Let $\textsf V = (\mathbb{Z}_2)^3$ and $F=\mathbb{Z}_2=\{0,1\}$.
How many different ordered basis does $\textsf V$ (over $F$) have? First of all, we know that the cardinality of $\textsf V$ is $2^3 = 8$ with
$$\textsf V = (\Bbb Z_2)^3 = \left\{ \begin{pmatrix} 0\\0\\0 \end{pmatrix}, \begin{pmatrix} 1\\0\\0 \end{pmatrix}, \begin{pmatrix} 0\\1\\0 \end{pmatrix}, \begin{pmatrix} 0\\0\\1 \end{pmatrix}, \begin{pmatrix} 1\\1\\0 \end{pmatrix}, \begin{pmatrix} 1\\0\\1 \end{pmatrix}, \begin{pmatrix} 0\\1\\1 \end{pmatrix}, \begin{pmatrix} 1\\1\\1 \end{pmatrix} \right\}$$
Since $\dim (\textsf V) = 3$, basis come in $3$ vectors. I have manually listed all possible permutation, eliminating those that are linearly dependent, and the zero vector.

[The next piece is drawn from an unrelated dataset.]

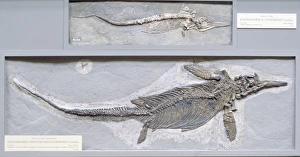 Ancient Marine Life Drucke: Ichthyosaurus intermedius C016 / 5590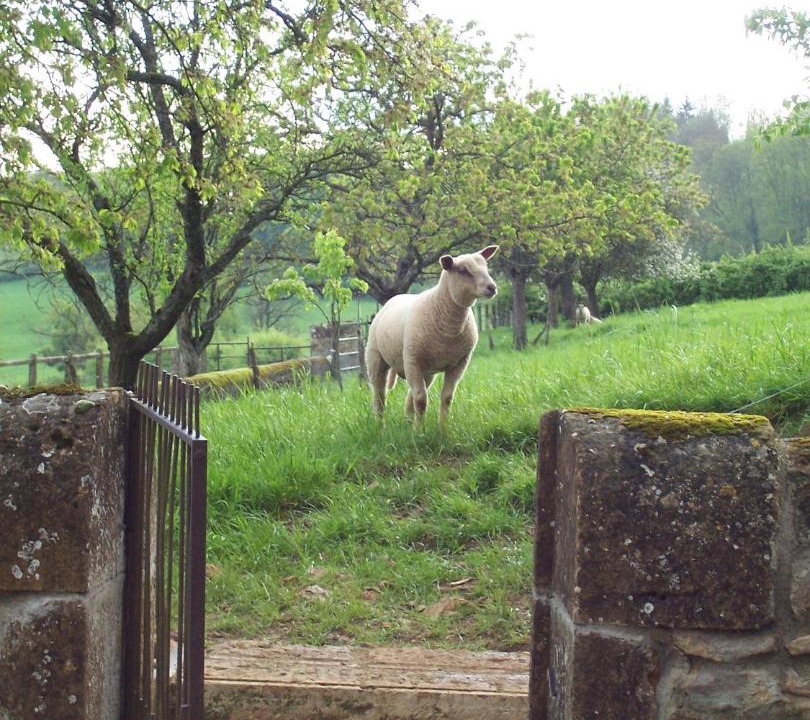 Photo of Others in Anthien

I got $210 - 18 = 192$ different ordered basis (unfortunately, I don't know how to show it more systematically).
Kindly help me with this. Next : how many distinct two-dimensional subspaces (over $F$) does $\textsf V$ have?
I think there are three two-dimensional subspaces, but I don't know how to show it. I get stuck here. Please help!